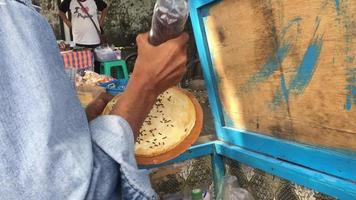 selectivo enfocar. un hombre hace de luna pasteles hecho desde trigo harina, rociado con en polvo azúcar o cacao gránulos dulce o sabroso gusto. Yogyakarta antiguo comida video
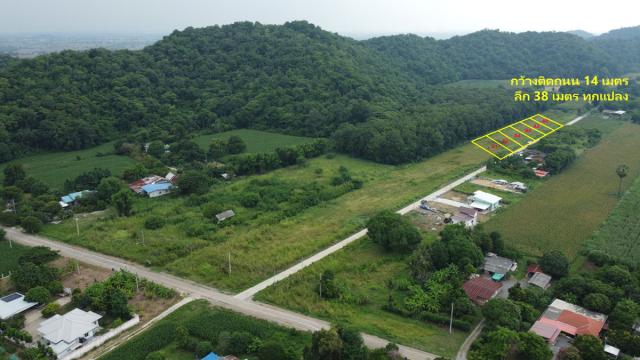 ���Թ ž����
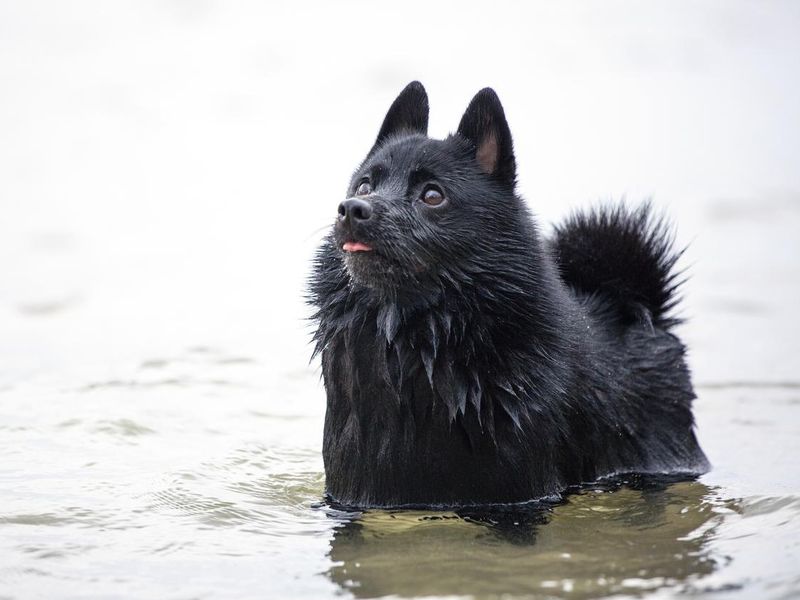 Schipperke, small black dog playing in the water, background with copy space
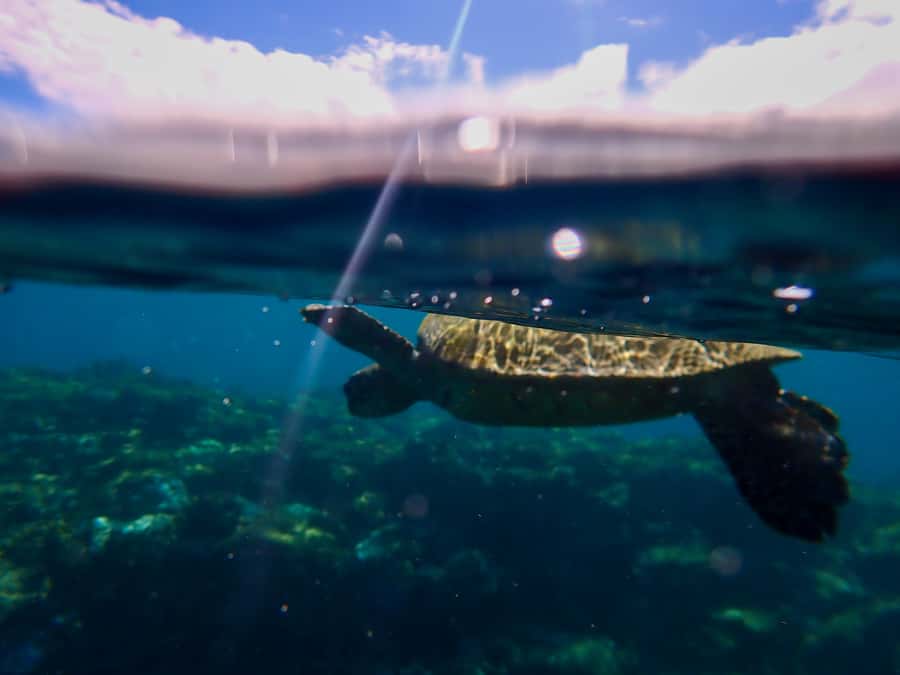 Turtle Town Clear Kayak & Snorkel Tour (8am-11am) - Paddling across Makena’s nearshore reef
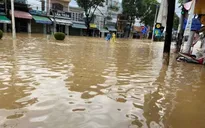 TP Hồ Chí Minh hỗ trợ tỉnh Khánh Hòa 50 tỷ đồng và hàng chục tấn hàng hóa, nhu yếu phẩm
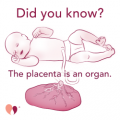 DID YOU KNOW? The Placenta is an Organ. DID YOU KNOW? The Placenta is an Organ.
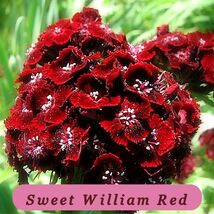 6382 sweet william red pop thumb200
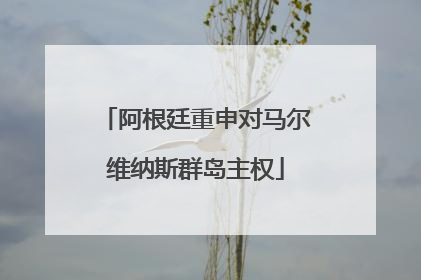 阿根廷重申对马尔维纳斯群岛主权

------------------------------------------------------------

EXERCISE PROMPT: Images do not belong in the copy; reproduce all other parts of the records above verbatim.

TASK SOLUTION:
 selectivo enfocar. un hombre hace de luna pasteles hecho desde trigo harina, rociado con en polvo azúcar o cacao gránulos dulce o sabroso gusto. Yogyakarta antiguo comida video
 ���Թ ž����
 Schipperke, small black dog playing in the water, background with copy space
 Turtle Town Clear Kayak & Snorkel Tour (8am-11am) - Paddling across Makena’s nearshore reef
 TP Hồ Chí Minh hỗ trợ tỉnh Khánh Hòa 50 tỷ đồng và hàng chục tấn hàng hóa, nhu yếu phẩm
 DID YOU KNOW? The Placenta is an Organ. DID YOU KNOW? The Placenta is an Organ.
 6382 sweet william red pop thumb200
 阿根廷重申对马尔维纳斯群岛主权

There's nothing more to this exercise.